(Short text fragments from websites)
################

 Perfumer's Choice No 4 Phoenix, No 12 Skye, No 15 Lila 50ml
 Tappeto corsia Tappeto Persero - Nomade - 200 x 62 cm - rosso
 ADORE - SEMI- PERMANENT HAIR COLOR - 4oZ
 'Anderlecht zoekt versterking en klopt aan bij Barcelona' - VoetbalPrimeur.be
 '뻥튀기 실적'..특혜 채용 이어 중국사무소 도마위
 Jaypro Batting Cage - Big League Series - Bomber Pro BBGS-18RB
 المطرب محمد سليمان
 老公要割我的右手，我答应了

################

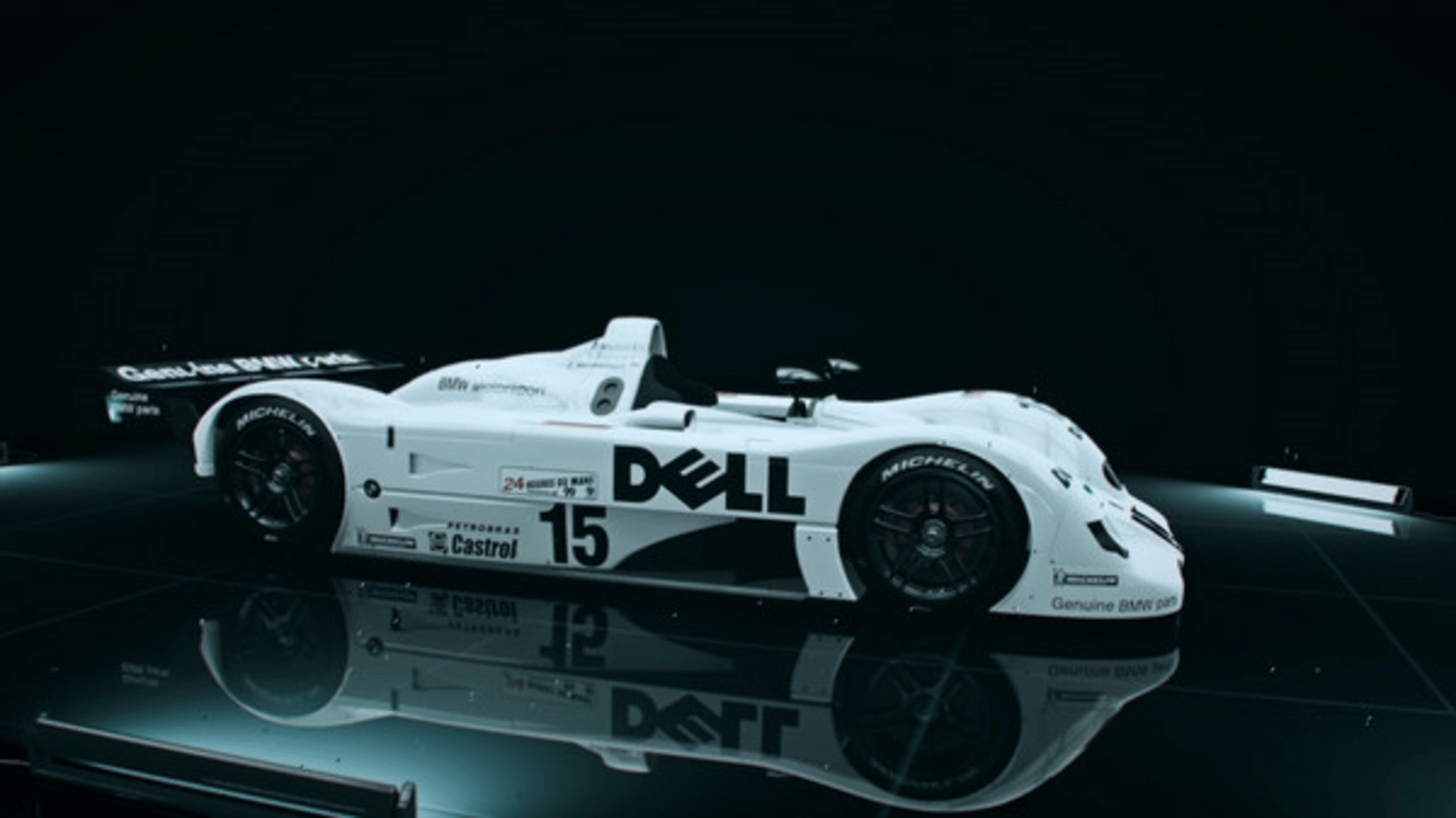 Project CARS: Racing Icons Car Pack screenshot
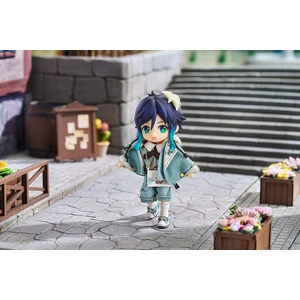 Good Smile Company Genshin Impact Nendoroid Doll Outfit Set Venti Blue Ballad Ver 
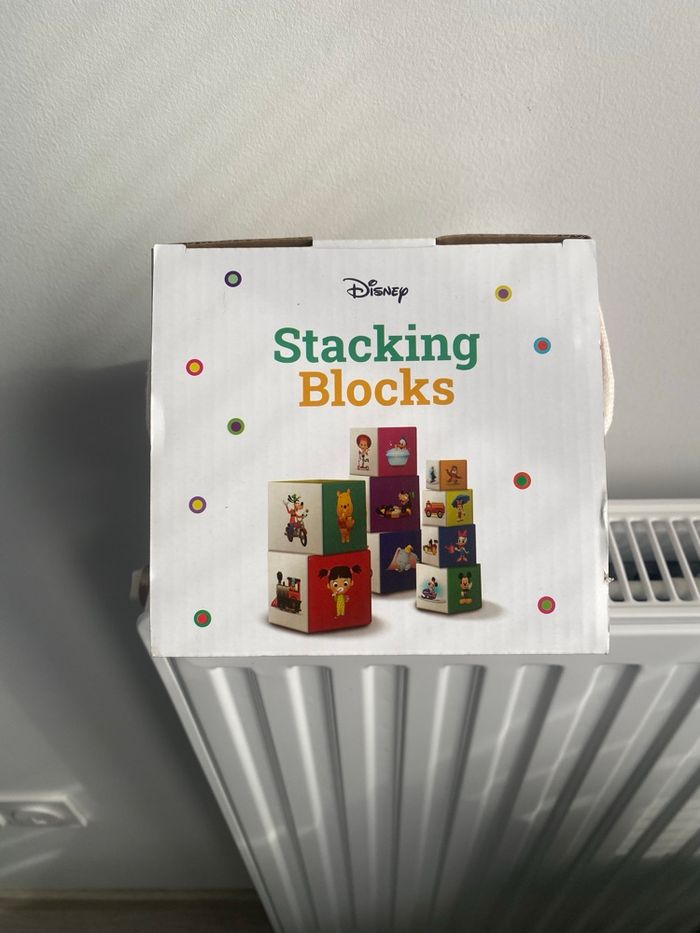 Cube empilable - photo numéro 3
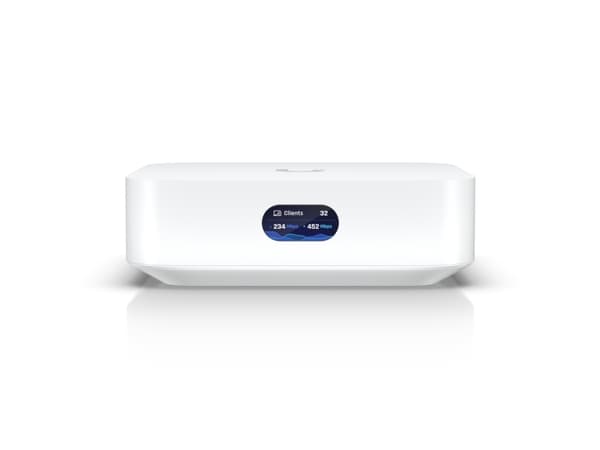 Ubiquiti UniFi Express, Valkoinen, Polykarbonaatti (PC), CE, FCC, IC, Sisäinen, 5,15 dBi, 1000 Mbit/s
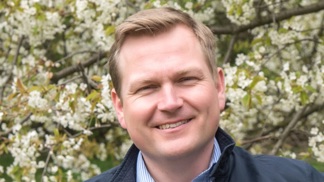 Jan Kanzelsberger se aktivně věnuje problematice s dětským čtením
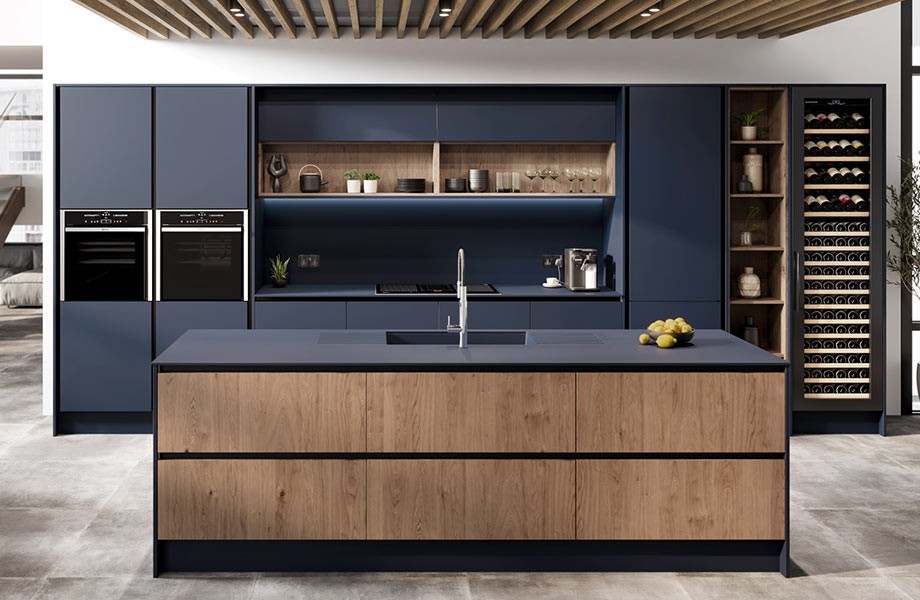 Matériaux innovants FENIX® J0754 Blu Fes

################

--- YOUR TASK ---
Above are some records. Reproduce the lines from the one with "Ubiquiti UniFi Express, Valkoinen, Polykarbonaatti" down to the one with "Matériaux innovants FENIX® J0754 Blu Fes", keeping both, and leave every picture out.

--- RESPONSE BOX ---
 Ubiquiti UniFi Express, Valkoinen, Polykarbonaatti (PC), CE, FCC, IC, Sisäinen, 5,15 dBi, 1000 Mbit/s
 Jan Kanzelsberger se aktivně věnuje problematice s dětským čtením
 Matériaux innovants FENIX® J0754 Blu Fes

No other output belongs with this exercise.